Cursor’s pricing page should be framed as a buyer precheck, not as a tier calculator. The tracked record supports a free-plan path, notes that Background Agent and BugBot access depend on Cursor plan, model usage, and product-specific limits, and now includes Cursor’s vendor pricing page for verification.
That makes the useful answer deliberately narrow: Cursor belongs on the shortlist when a buyer wants an AI coding tool for developers, enterprises, or founders and needs to confirm whether a free-plan path exists before deeper plan-limit review.

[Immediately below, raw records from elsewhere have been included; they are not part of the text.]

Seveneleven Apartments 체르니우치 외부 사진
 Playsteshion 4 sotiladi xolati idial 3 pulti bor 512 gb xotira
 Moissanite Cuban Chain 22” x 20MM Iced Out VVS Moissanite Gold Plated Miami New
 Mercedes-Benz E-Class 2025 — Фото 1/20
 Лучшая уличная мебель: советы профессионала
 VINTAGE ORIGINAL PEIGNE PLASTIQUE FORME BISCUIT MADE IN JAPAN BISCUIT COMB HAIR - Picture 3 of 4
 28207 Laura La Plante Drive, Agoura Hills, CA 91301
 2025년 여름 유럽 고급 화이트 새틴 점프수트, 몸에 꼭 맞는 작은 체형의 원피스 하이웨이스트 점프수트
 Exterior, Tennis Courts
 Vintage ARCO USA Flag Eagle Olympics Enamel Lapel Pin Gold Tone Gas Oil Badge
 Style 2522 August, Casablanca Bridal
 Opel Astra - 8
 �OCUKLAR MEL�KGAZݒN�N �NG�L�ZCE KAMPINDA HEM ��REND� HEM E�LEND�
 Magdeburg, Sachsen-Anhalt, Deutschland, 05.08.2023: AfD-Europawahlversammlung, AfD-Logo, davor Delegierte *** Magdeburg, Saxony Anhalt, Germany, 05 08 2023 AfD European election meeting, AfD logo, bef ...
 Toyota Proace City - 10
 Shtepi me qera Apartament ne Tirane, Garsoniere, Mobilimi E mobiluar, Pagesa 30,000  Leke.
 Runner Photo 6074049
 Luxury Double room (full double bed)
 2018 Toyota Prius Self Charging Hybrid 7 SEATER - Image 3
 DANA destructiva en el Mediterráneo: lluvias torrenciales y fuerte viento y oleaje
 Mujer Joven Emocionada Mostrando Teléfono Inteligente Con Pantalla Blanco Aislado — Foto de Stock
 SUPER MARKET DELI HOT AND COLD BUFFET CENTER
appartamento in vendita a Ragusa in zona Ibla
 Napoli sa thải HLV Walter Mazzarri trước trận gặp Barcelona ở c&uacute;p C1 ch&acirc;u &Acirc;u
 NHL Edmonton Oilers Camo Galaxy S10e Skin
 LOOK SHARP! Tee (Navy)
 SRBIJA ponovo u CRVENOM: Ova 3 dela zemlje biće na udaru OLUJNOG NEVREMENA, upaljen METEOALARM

The page should not claim a cheapest plan, an enterprise price, a full feature matrix, or a plan-by-plan recommendation yet. Those points still need a vendor-verify pass because pricing tiers and feature details remain gaps in the local record.
Suggested verdict
Use Cursor’s current pricing data and vendor pricing URL as a directional access check: free-plan access is tracked, and some usage depends on plan, model, and product limits, but tier-by-tier advice should wait until pricing tiers are separately verified and claim-mapped.
Open gaps
Verify Cursor pricing tiers before writing tier-by-tier advice.
Verify Cursor feature details before writing a feature-led verdict.
Keep the vendor pricing URL attached in any later WordPress update, without converting it into tier-by-tier claims unless those claims are separately sourced and claim-mapped.